Two bats have arrived from out of nowhere and they swoop in circles overhead. Even with the sound of the street traffic and the Google speaker I left on the front steps blasting out Miles Davis, I can hear the faint squeaking of the twin creatures, each one swiping the tip of the other’s wings with every balletic turn into the ether.
Earlier in the day, I sent my spouse Janyce a text acknowledging the end of the workday. “Meet me at the firepit right at 5pm,” I said.
She never answered, but I can see her now, bathed in the orange light of the kitchen through the window, while outside the evening is starting to take on a bluish tinge. She is at the counter with the bar supplies mixing up the cocktail we talked about at breakfast.
The yard is a mess. I left a dump truck’s worth of mulch on a tarp in the driveway and leaves have been piling up on the lawn for weeks while we wait for the yard cleanup crew. My red wheelbarrow is still sitting outside collecting rain.
“You know, there are two kinds of people,” says Janyce, who is walking toward me, setting the glasses onto the metal table beside her chair, tossing me a cloth napkin.
I immediately grab for my my glass and take a sip of the bourbon.
”I can taste the smoke,” I say.
“Amazing, huh?” she says. “I used just a bit of the smoked maple syrup.”
She sits down in her chair and starts poking at the fire forgetting to finish her thought.
When I was about eight years old, we moved into a 1970s-style raised ranch house, newly constructed. The builders left behind a set of two pleather bound volumes of American poetry for every new homeowner as a symbol of American pride. Nobody in my house cared about those books but me, even though they would sit for years on a decorative bookshelf hung on the wall over our couch. I memorized so many of those poems growing up.
The books were a collection of only American poets: Edna St Vincent Millay, Edgar Lee Masters, Emily Dickinson, Ralph Waldo Emerson, William Carlos Williams. I loved them all, although the poems by Williams wouldn’t make sense to me, really, until college. His well known red wheelbarrow poem comes to mind right now, as I spy my rakes and shovels left out and leaning against each other on the ground.
so much depends
upon
a red wheel
barrow
glazed with rain
water
beside the white
chickens
“There are two kinds of people, I think,” says Janyce again. “Those that do well with routine and every day being the same and those that don’t.”
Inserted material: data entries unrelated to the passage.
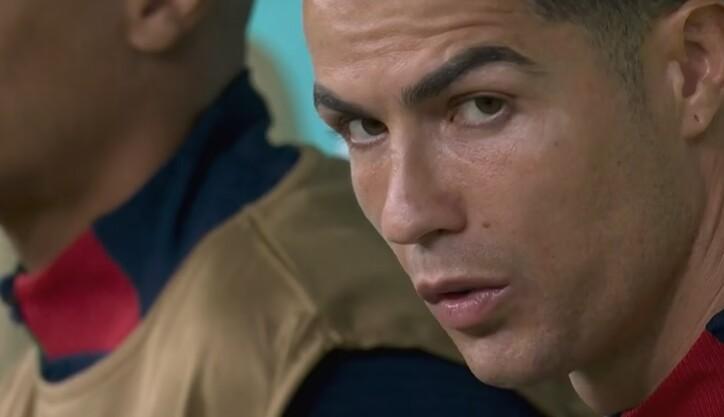 一黑到底完整电影,一黑到底remix完整版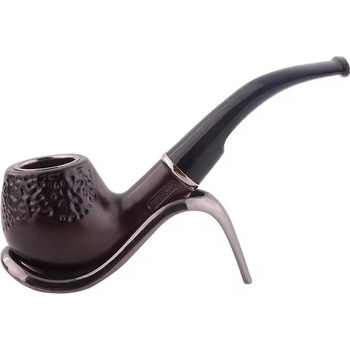 Izmael FT08732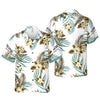 Hitachi Inspire The Next Hawaiian Shirt - Hyperfavor
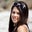 Jessica Williamsen's profile image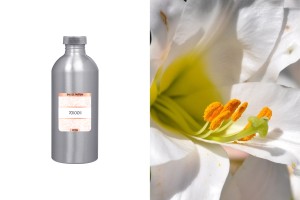 Parfum pour femme Eau de Parfum 7010011 (1000 ml)-εικόνα_προϊοντική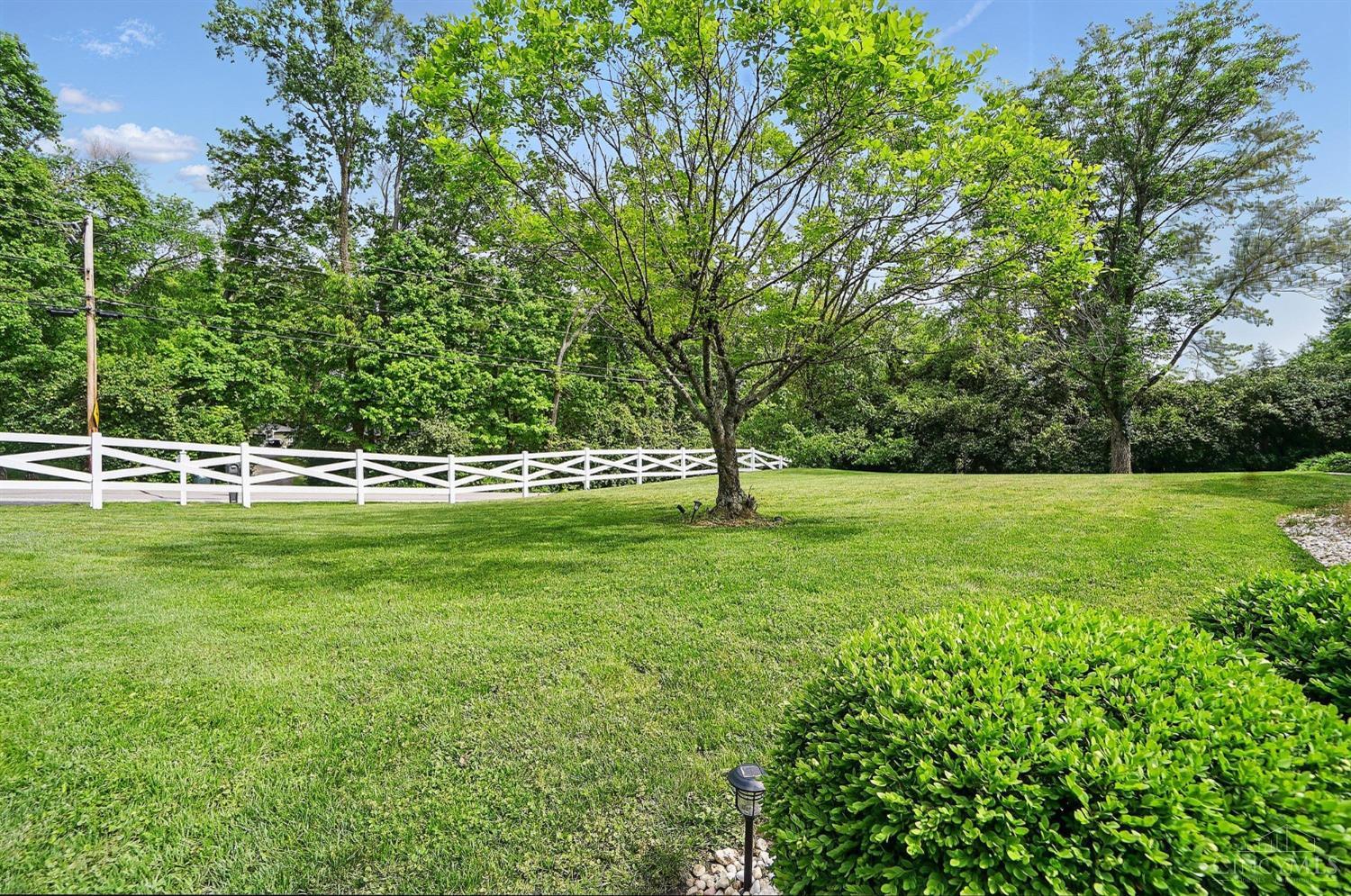 1023 Eversole Road, Anderson Twp, Ohio image 3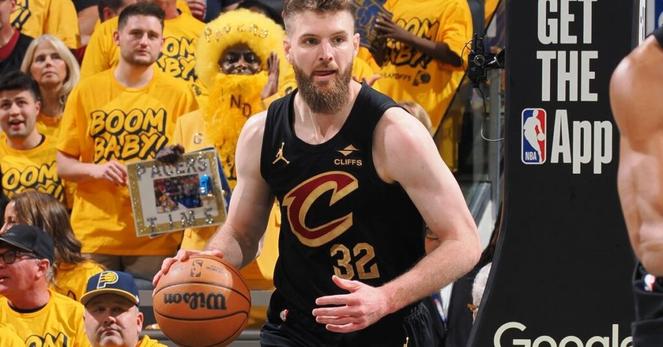 The mystery of Dallas’ interest in Dean Wade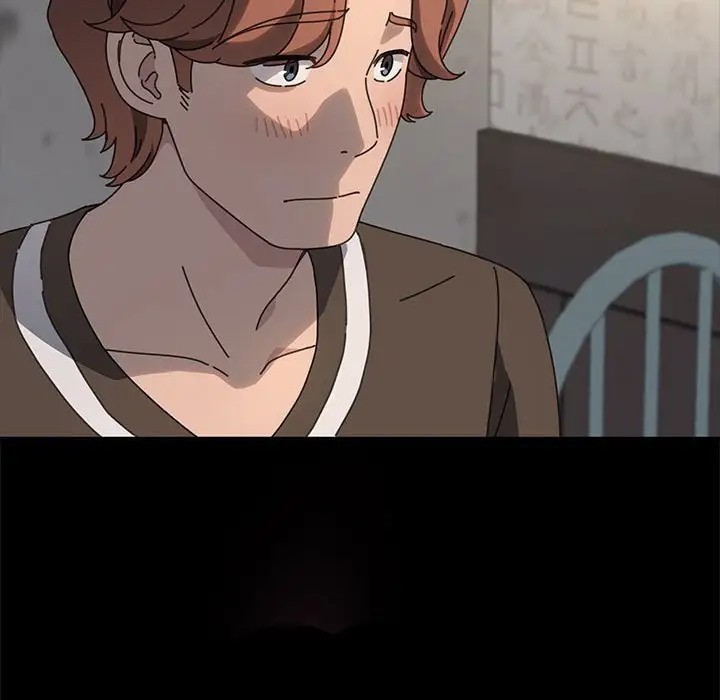 我家的赘婿大人/赘婿要通吃第55話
“You didn’t like the movie much, did you? I say.
“It’s not that I didn’t like it.” she says. “It definitely got better when something finally happened.”
“That was the point, though,” I say.
The other day, I noticed a reflection in the glaze on my ceramic coffee cup. When I looked close, I could make out the shape of my office window and my desk lamp. I snapped a picture with my Iphone. It reminded me of a tiny still film frame from a spool of super 8 film.
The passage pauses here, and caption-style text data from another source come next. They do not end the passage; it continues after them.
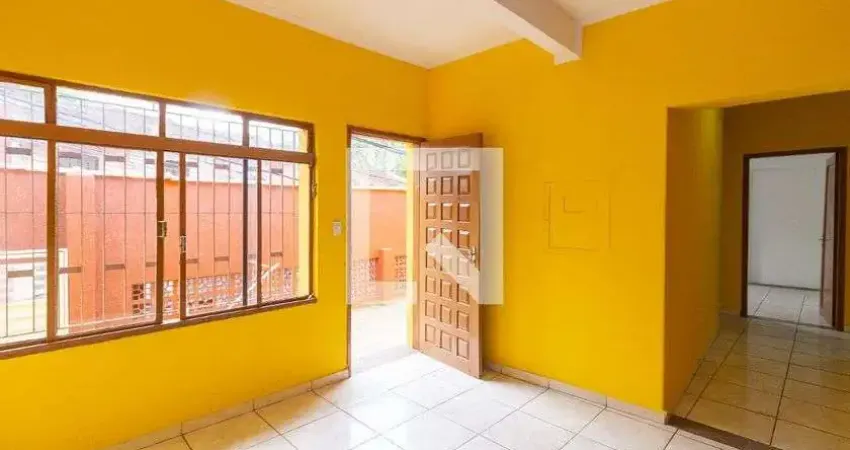 Casa com 4 quartos para alugar na Rua Alberto Nascimento Júnior, Butantã, São Paulo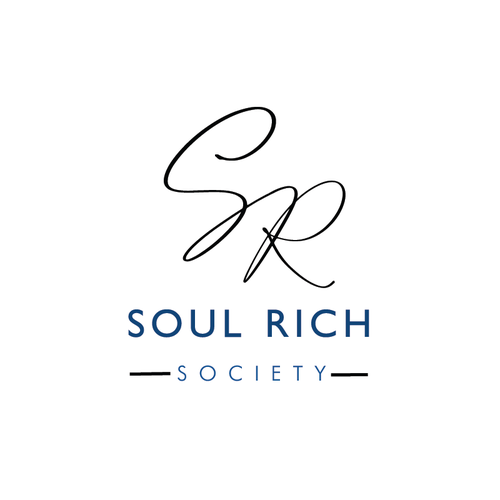 Mental health brand requires luxurious, simple logo Design by Patricia229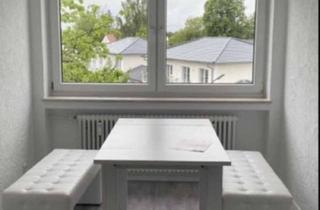Immobilie mieten in Amselweg, 82110 Germering, Frauen WG im Münchner Westen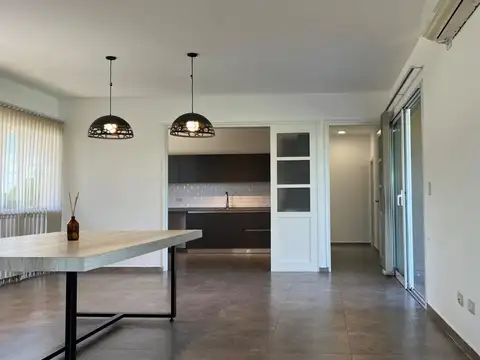 Casa en Venta 4 años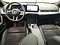 preview BMW X1 #4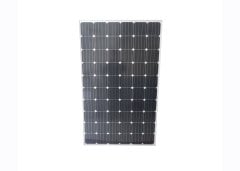 Lexron SP-360M PERC Mono 360 Watt Güneş Paneli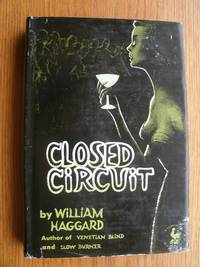 Closed Circuit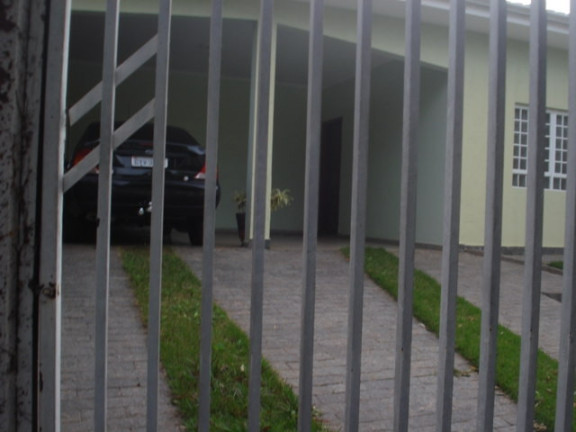 Imagem Casa com 3 Quartos à Venda, em Jardim Aeroporto - Bauru Imagem Casa com 3 Quartos à Venda, em Jardim Aeroporto - Bauru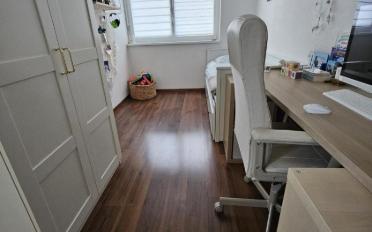 Appartement 3.5 pièces - image - 6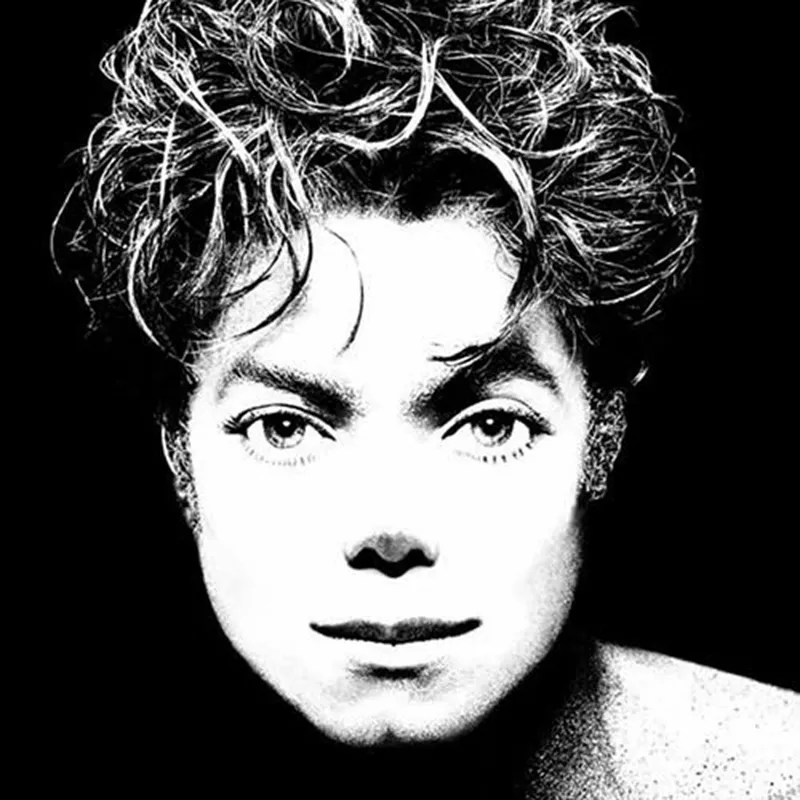 Image Michael Jackson image beautiful image beautiful - Stream Michael Jackson - Beautiful Girl (Demo) by mj arounds ...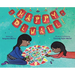 Happy Diwali!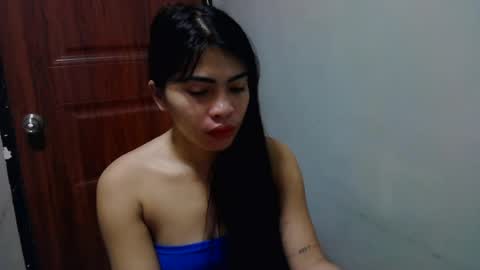 sofia online show from July 7, 1:41 am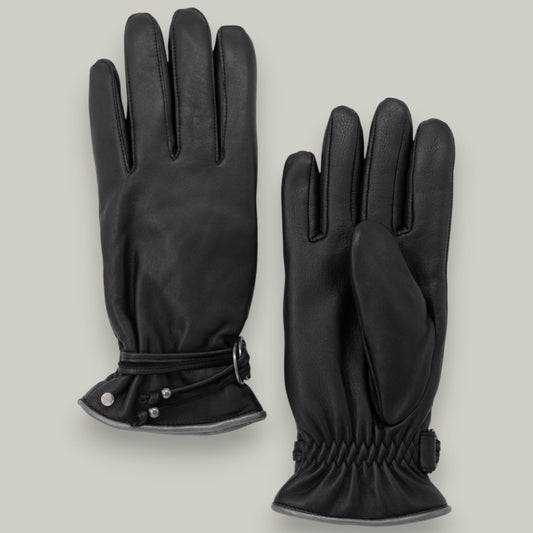 Brume - Whistler Gloves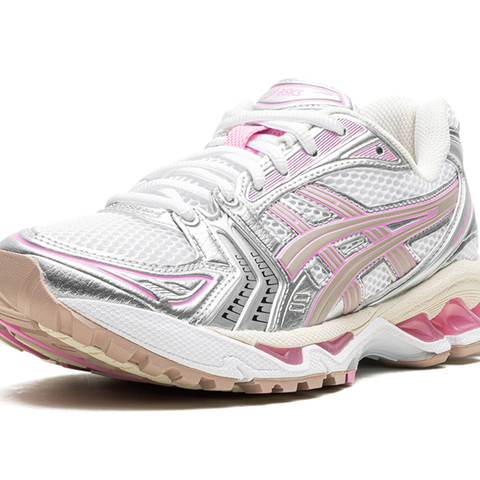 ASICS Gel Kayano 14 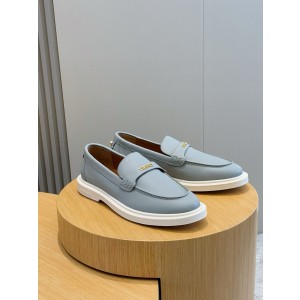 베르사체 남자 신발 운동화 스니커즈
Jim Jarmusch’s films linger lovingly on the most miniscule details of daily life.
Paterson, released in 2016, is a film that delights in the beauty of those bits of ephemera found in common everyday places. William Carlos Williams’s poems are abundant throughout the film, both literally and figuratively.
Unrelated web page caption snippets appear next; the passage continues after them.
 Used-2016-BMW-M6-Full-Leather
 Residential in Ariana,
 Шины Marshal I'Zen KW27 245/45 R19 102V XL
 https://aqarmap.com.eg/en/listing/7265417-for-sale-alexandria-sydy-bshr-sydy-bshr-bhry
To me, it’s also a distinctly American film. Janyce and I are still discussing it here in the yard days later, while purposefully avoiding the last of the political debates on television. I can’t watch the President anymore. Nor can I fully come to terms with the profound disappointment and disillusionment I feel about our country.
American artists, like Williams and Jarmusch, have taught me how to pay extreme attention. I’m not ready to give up on the idea of American exceptionalism. At least not this kind.
I’m drawn to the loners, the drifters, the solitary seekers—and the most romantic of those quintessential American ideas—the artist who makes something profound and beautiful out of nothing much at all.
I take another sip of my cocktail with my head resting back against the chair, my gaze upward. We’re both quiet, studying the night. Now the bats are gone, the expanse of blue has clouded over, creating a relief map of snow-covered mountains surrounding deep black lakes. When I close my eyes and then open to refocus, I can just barely make out the tiny pinpricks of stars, appearing suddenly like bubbles, slowly rising to the surface of the sky.